“I’m going to be in the West Wing tonight–would it be all right if I took your book along?”

Oran Hesterman’s Fair Food: Growing a Healthy, Sustainable Food System for All won’t be released till June, but galley copies were seen in high places well in advance. With Hesterman’s blessing, a friend delivered it to the White House in March. Another got it to Secretary of Agriculture Tom Vilsack. It’s been blurbed by everyone from Governor Rick Snyder and Senator Debbie Stabenow to environmentalist Robert F. Kennedy Jr. and chef Alice Waters.

Hesterman, fifty-nine, is reaping the harvest of a forty-year commitment to healthy food–as an undergrad at the University of Califonia-Davis, he lived in a tepee on an organic farm. He built a business growing alfalfa sprouts, sold it to finance a PhD in agronomy and business, taught at MSU, and funded community-based agriculture at the Kellogg Foundation.

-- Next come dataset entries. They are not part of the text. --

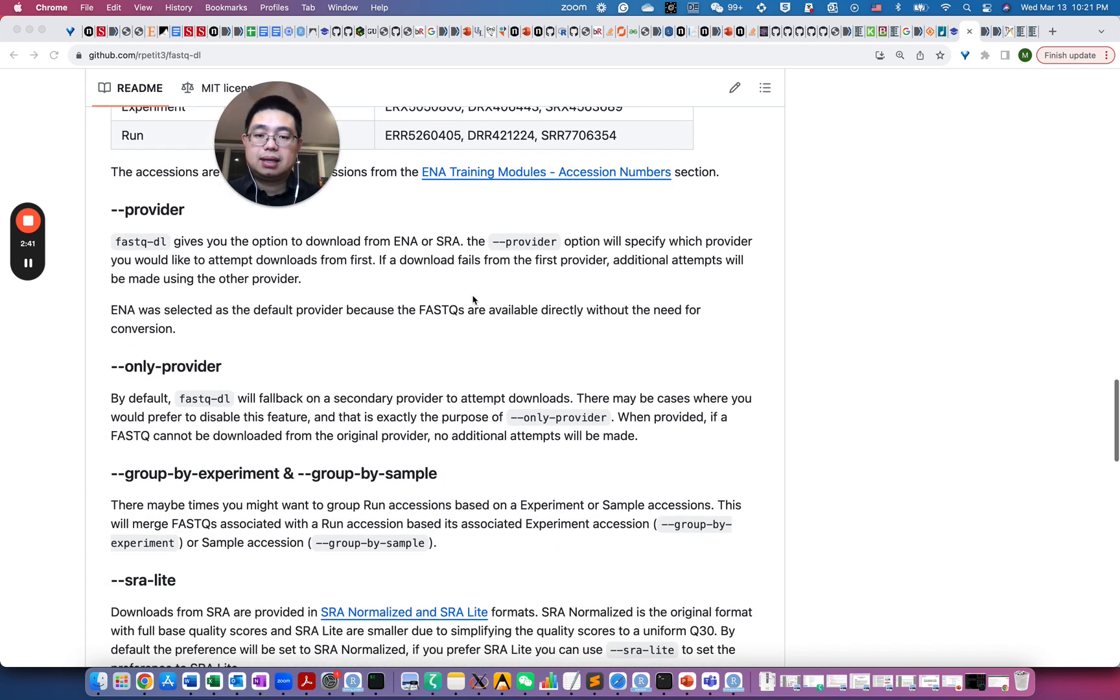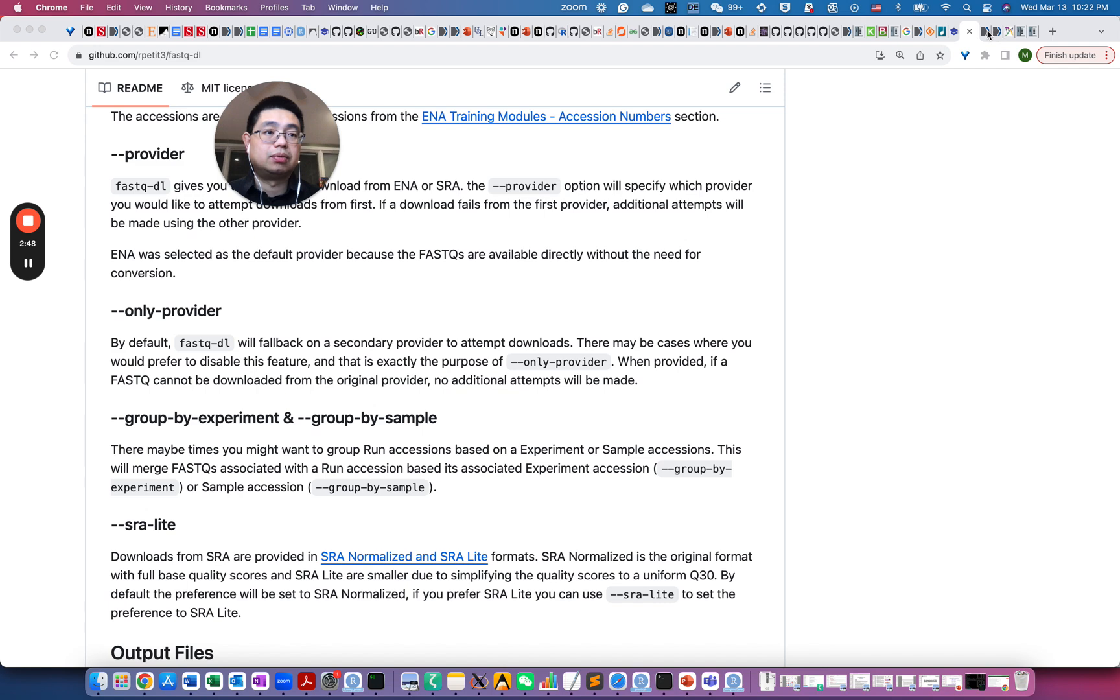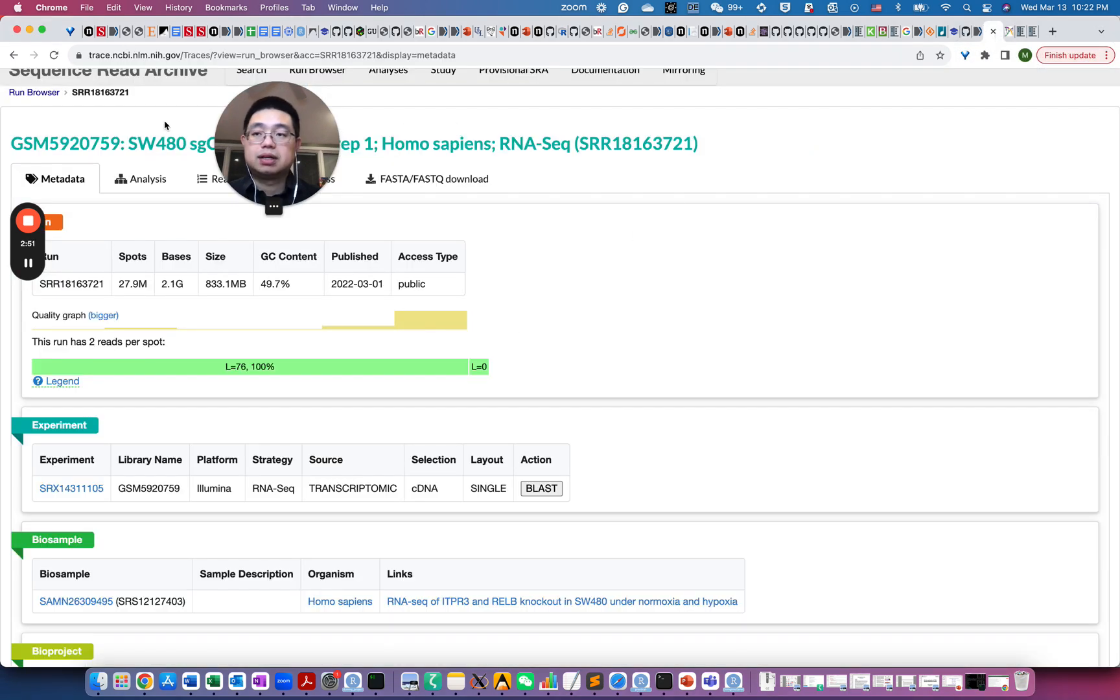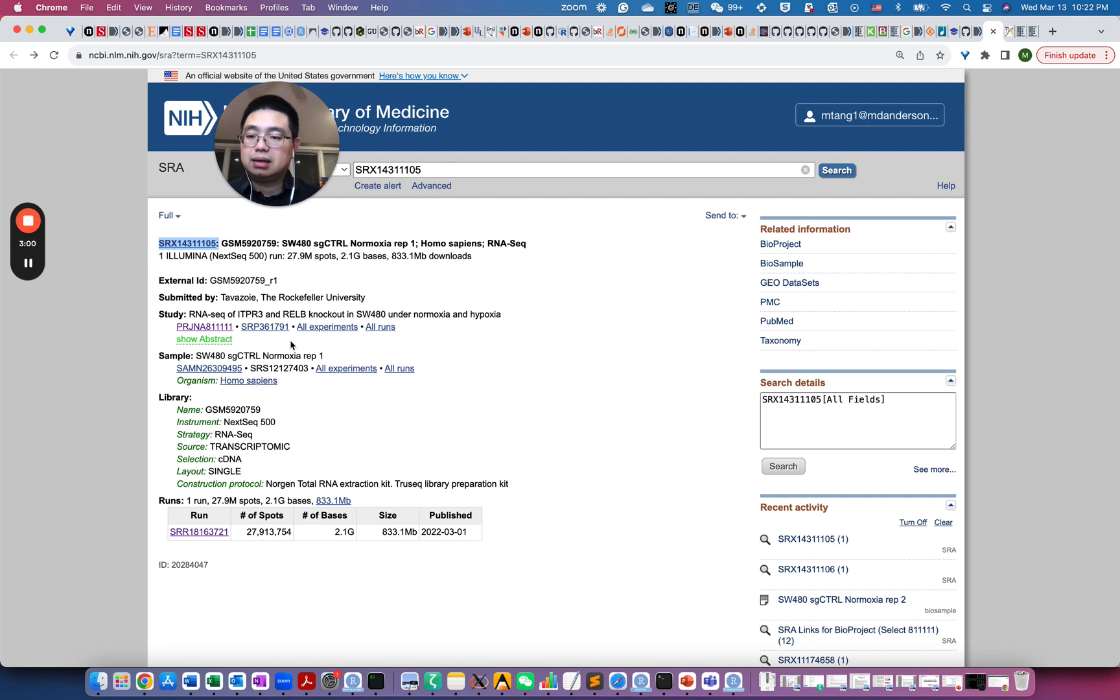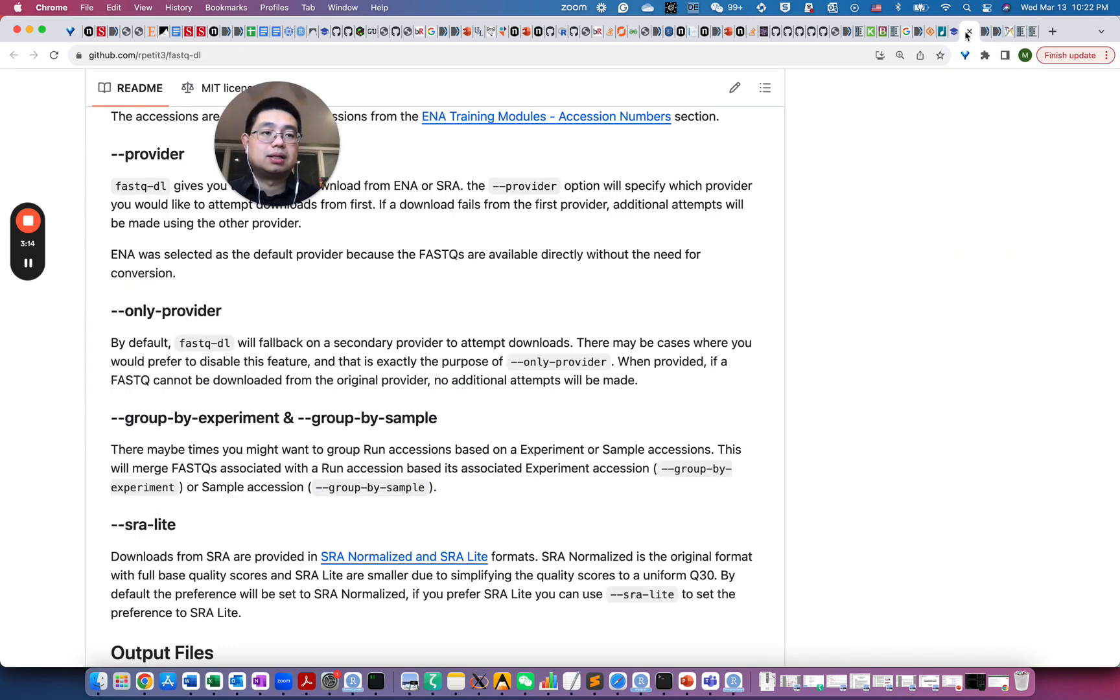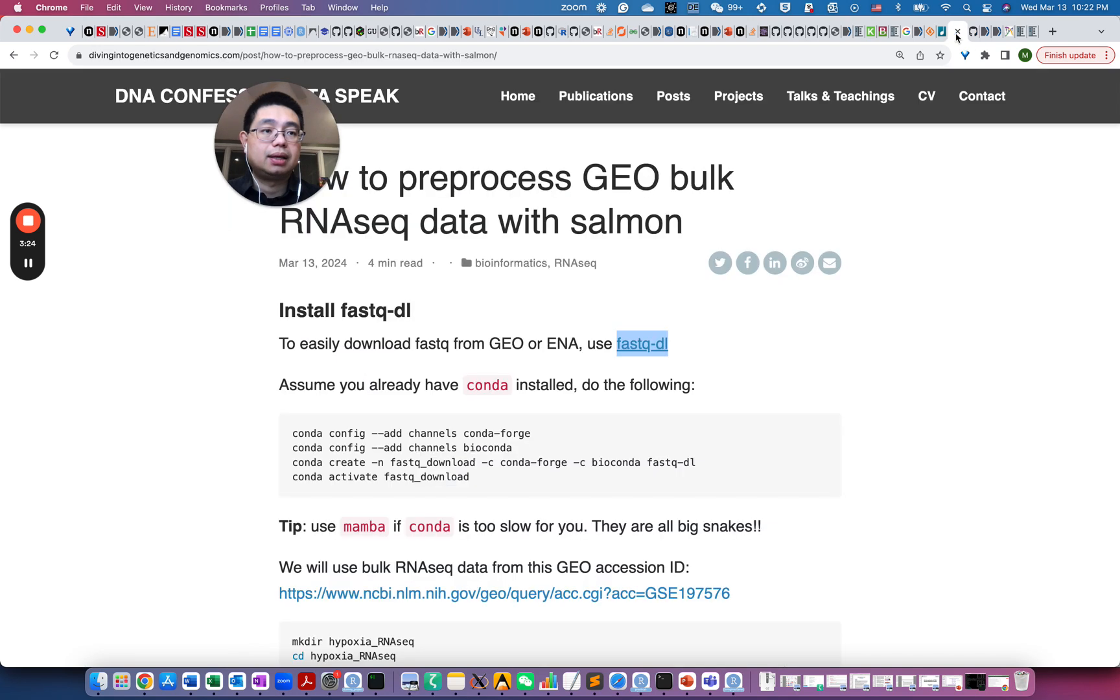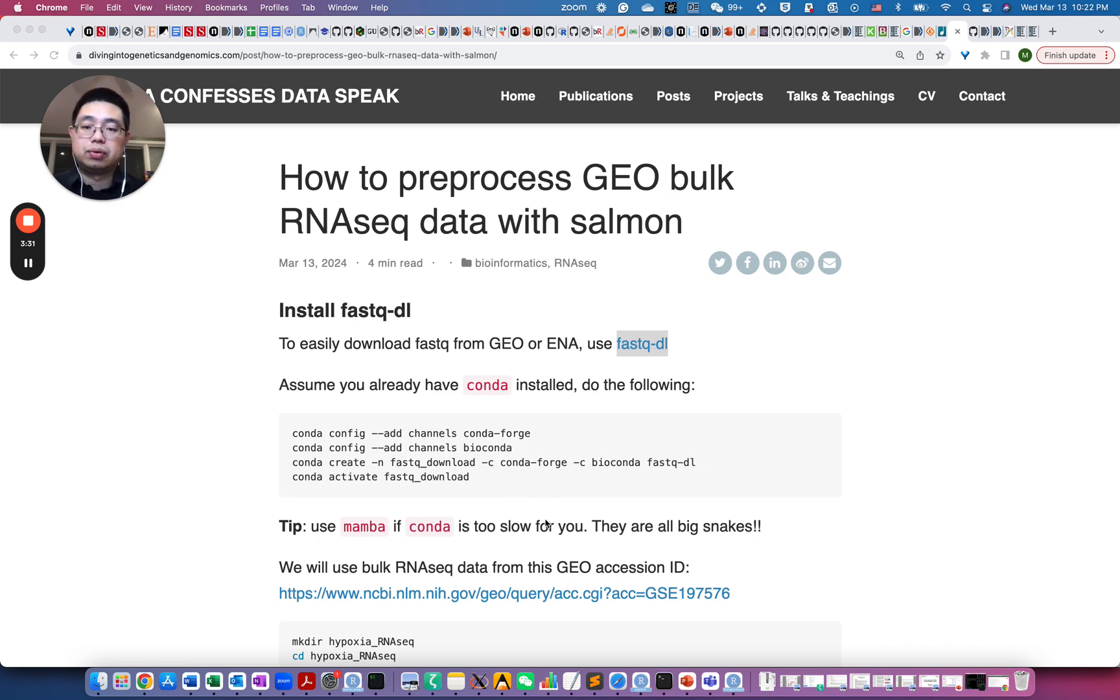So I actually really like one of the arguments called group by sample. So the reason I like it is because, for example, here, this is for that single sample here, the SRX, this is the experiment ID. And sometimes you actually have multiple SRR runs. So I have multiple SRR IDs for the same experiment. So what you can do actually, you can use that group by experiment argument will actually merge all those FASTQ files for you, which is very handy. Let's go back to the blog post here. So I will have the link of this post in the show notes.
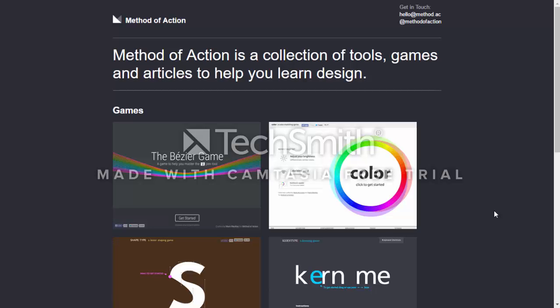Method of Action, as it states on its website, is a collection of tools, games, and articles to help you learn and design. I think it is an amazing tool for students, especially those trying to expand their photo editing skills.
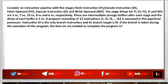Consider an instruction pipeline with five stages: fetch instruction, decode instruction, fetch operand, execute instruction, and write operand. The stage delays for each stage are given. There are intermediate storage buffers after each stage, and the delay for each buffer is 1 nanosecond. A program consisting of 12 instructions i1, i2, i3 to i12 is executed in this pipeline processor. Instruction i4 is the only branch instruction and its branch target is i9. If the branch is taken during the execution of this program, the time needed to complete the program is?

Hesterman left Kellogg to run the Ann Arbor-based Fair Food Foundation–only to see its chief funders decimated in the Bernie Madoff scam. From the ruins, he built the Fair Food Network, whose initiatives include “Double Up Food Bucks,” a program that matches up to $20 in Bridge Card food assistance at the Ann Arbor Farmers’ Market and more than forty other markets around the state. Hesterman currently has one more reason to eat healthy: he’s about to embark on an arduous, three-month national book tour to promote Fair Food.